Six pigs purchased by Tomorrow River Schools (TRS) in Wisconsin find themselves in hog heaven each school year as they are fed vegetable scraps, expired milk and other pre-consumer food waste generated by the TRS school meal program. The initiative is a way for the district to dispose of food waste in a sustainable way instead of simply tossing it out with the garbage, where it poses an environmental liability in a landfill.
TRS is a small rural district located about a dozen miles east of Stevens Point in the center of the state, and all its grades are located in a single complex with a common foodservice operation, which makes collecting food waste from the entire meal program easy.

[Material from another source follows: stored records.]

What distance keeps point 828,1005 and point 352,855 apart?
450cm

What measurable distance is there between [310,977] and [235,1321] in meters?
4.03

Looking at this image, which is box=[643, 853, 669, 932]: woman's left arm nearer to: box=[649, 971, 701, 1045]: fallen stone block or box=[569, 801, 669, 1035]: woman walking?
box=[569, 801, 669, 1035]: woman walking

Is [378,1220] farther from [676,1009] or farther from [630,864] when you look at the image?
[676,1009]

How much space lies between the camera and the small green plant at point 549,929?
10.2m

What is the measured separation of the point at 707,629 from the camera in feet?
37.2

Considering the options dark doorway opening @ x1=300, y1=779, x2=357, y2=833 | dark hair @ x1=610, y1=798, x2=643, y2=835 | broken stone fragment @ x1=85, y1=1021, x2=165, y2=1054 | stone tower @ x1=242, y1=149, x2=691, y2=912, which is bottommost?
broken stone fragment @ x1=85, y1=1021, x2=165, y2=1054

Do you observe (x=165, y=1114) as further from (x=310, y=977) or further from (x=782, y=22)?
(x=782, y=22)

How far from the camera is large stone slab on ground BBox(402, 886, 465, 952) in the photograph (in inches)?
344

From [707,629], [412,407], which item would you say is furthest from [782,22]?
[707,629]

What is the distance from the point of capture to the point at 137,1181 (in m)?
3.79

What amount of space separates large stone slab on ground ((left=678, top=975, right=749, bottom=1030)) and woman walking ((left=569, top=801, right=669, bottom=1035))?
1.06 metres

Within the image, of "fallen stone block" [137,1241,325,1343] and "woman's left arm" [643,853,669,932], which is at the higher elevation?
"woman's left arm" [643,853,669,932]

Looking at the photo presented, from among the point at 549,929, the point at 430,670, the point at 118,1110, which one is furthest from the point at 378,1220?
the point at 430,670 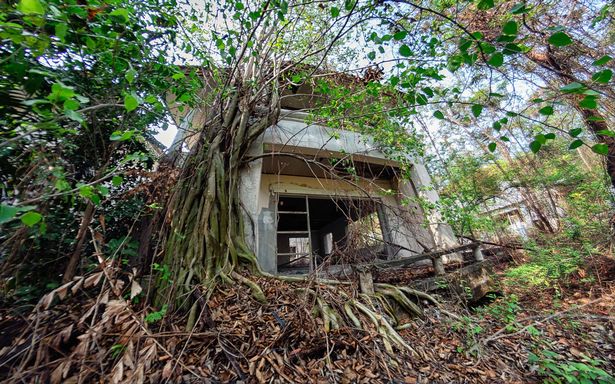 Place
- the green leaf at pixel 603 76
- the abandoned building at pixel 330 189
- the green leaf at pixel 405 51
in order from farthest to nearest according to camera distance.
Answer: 1. the abandoned building at pixel 330 189
2. the green leaf at pixel 405 51
3. the green leaf at pixel 603 76

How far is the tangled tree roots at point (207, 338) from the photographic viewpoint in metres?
1.48

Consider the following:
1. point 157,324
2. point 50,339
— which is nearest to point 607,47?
point 157,324

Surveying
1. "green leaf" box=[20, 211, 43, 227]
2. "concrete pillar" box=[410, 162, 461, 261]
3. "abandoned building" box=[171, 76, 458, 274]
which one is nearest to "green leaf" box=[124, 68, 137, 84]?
"green leaf" box=[20, 211, 43, 227]

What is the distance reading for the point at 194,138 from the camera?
4219 mm

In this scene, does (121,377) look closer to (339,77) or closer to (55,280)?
(55,280)

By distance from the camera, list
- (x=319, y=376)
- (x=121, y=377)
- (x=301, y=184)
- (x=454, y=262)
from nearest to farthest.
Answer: (x=121, y=377) < (x=319, y=376) < (x=454, y=262) < (x=301, y=184)

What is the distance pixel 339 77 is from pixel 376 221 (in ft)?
11.7

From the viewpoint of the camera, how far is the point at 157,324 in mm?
1959

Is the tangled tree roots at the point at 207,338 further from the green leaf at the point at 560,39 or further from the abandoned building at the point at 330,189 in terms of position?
the green leaf at the point at 560,39

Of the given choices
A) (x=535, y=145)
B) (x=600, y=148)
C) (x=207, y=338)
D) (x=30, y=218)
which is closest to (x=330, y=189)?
(x=207, y=338)

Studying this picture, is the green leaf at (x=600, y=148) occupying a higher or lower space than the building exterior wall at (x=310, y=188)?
lower

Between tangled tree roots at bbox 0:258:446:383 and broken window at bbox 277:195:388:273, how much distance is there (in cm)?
77

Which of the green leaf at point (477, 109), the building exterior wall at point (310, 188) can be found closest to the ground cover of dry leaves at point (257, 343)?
the building exterior wall at point (310, 188)

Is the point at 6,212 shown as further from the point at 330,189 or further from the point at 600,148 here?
the point at 330,189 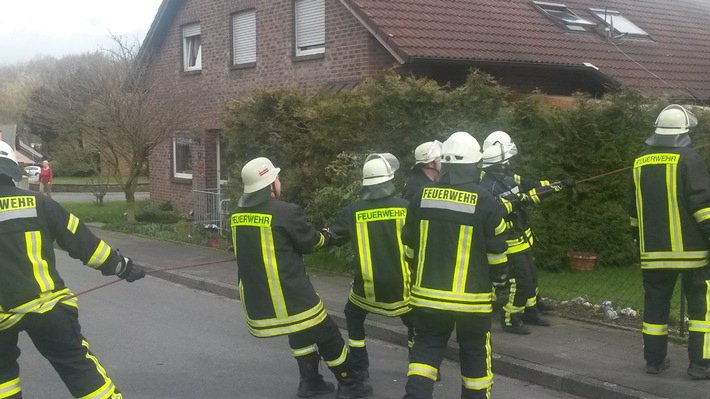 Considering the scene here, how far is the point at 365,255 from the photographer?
246 inches

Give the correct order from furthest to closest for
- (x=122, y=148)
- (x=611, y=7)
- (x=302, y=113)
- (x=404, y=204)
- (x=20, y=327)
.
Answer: (x=611, y=7)
(x=122, y=148)
(x=302, y=113)
(x=404, y=204)
(x=20, y=327)

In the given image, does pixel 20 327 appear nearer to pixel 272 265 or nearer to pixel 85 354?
pixel 85 354

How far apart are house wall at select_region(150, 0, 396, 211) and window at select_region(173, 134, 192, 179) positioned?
181 mm

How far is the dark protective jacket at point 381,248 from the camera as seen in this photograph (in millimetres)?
6176

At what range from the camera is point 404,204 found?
20.4 ft

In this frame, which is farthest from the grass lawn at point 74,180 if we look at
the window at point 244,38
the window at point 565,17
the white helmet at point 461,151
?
the white helmet at point 461,151

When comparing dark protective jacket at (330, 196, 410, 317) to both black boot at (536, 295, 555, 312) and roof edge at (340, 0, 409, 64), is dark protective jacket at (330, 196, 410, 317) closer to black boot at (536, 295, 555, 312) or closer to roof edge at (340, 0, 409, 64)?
black boot at (536, 295, 555, 312)

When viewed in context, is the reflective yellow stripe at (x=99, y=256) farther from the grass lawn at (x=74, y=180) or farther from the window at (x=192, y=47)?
the grass lawn at (x=74, y=180)

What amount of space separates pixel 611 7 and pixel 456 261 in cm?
1653

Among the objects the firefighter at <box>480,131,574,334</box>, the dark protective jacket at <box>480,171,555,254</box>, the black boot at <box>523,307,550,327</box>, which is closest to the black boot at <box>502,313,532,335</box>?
the firefighter at <box>480,131,574,334</box>

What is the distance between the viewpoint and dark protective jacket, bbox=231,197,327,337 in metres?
5.84

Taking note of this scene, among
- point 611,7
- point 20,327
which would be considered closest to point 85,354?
point 20,327

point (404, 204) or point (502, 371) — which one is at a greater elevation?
point (404, 204)

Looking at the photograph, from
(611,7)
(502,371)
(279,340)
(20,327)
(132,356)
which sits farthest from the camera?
(611,7)
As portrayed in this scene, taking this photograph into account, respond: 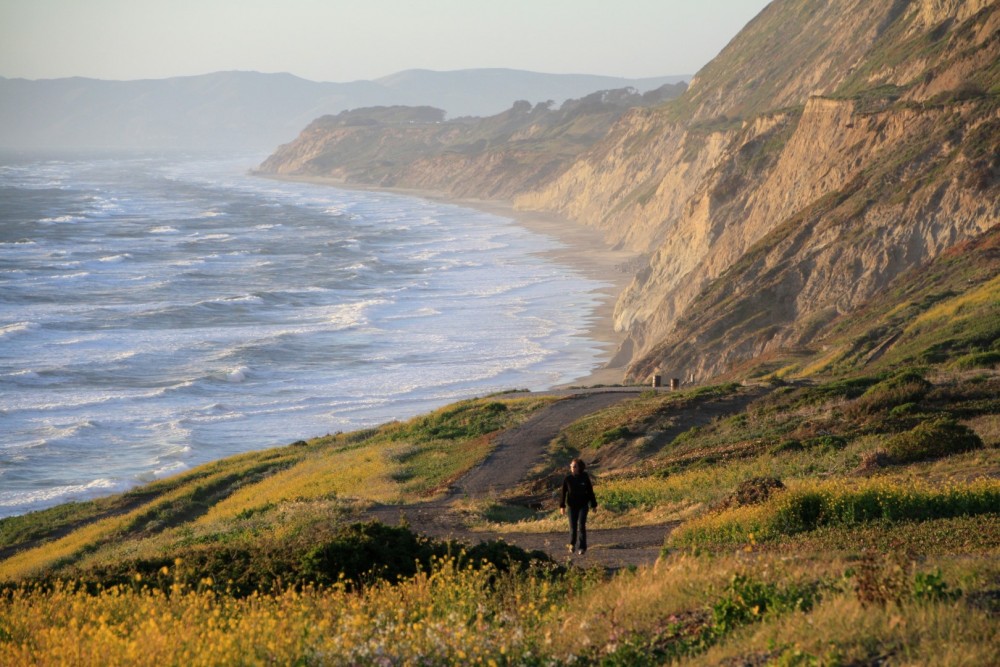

The total enrollment is around 1,200 and the foodservice program serves about a thousand meals a day. It generated almost 2,200 pounds of pre-consumer waste over the most recently measured four-month period, which then went to feed the six hungry porkers housed at a nearby farm.
The idea of using pigs to get rid of food waste started four years ago when TRS began a program of recycling milk cartons and wanted to do something with unconsumed milk, recalls Paul Skinner, food service director for the district.
The pigs also serve an academic purpose as second graders annually visit the farm to learn about the animals.
“We ended up [partnering] with a local farm that took care of six pigs for us,” he says. The district secures six new animals each year, and the host farm site now rotates annually to give more farms the opportunity to work with the school system. To help compensate it for taking care of the animals, the host farm each year gets to keep one of the pigs.
Of the other five, three are given to the local PTO to be raffled off as a fundraising venture, one is sold to raise funds for a scholarship foundation and one becomes the centerpiece and center-of-the-plate at TRS’s annual end-of-school-year pig roast.
The district most often purchases the animals, though occasionally it will get a donation from a local farmer.
Much of the food scraps fed to the pigs comes from trimmings and waste associated with the cafeteria salad bar. In addition, the district generally has to dispose of about a dozen gallons of milk daily. The waste is transported to the pigs several times a week, usually by volunteers who are going that way anyway, Skinner explains. The distance varies depending on the host farm but usually not more than a few miles, he says.
Tomorrow River Schools annually secures six pigs that eat food waste over the school year.
The hogs also serve an educational purpose as each year second graders make a visit to the farm to learn about the animals. Skinner says that could be expanded in the future to incorporate concrete lessons in areas like math and biology for other grades as well, adding even more value to a program that already more than pulls its weight in multiple positive ways.
“What’s cool is that it builds the community because the kids are involved and the host farms are involved,” Skinner summarizes. “Plus, it’s usually teachers and families who are buying the raffle tickets to win half a hog that’s raised here. It’s a win-win-win.”